__Aim of the exercise__:
From the listing below, copy only the lines from the line that contains "Fig. 3: (Color" to the line that contains "Mitarbeitenden mit Lerneffekt", counting those two lines as part of the copy.

═════ Material shown

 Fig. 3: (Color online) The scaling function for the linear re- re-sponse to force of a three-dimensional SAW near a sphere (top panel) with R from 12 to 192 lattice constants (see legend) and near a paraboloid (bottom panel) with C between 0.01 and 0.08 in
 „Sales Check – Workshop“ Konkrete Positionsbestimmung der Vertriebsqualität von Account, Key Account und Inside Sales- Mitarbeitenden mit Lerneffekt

══════════
═════ Material shown

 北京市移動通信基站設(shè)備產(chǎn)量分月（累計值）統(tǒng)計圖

══════════

__Answer__:
 Fig. 3: (Color online) The scaling function for the linear re- re-sponse to force of a three-dimensional SAW near a sphere (top panel) with R from 12 to 192 lattice constants (see legend) and near a paraboloid (bottom panel) with C between 0.01 and 0.08 in
 „Sales Check – Workshop“ Konkrete Positionsbestimmung der Vertriebsqualität von Account, Key Account und Inside Sales- Mitarbeitenden mit Lerneffekt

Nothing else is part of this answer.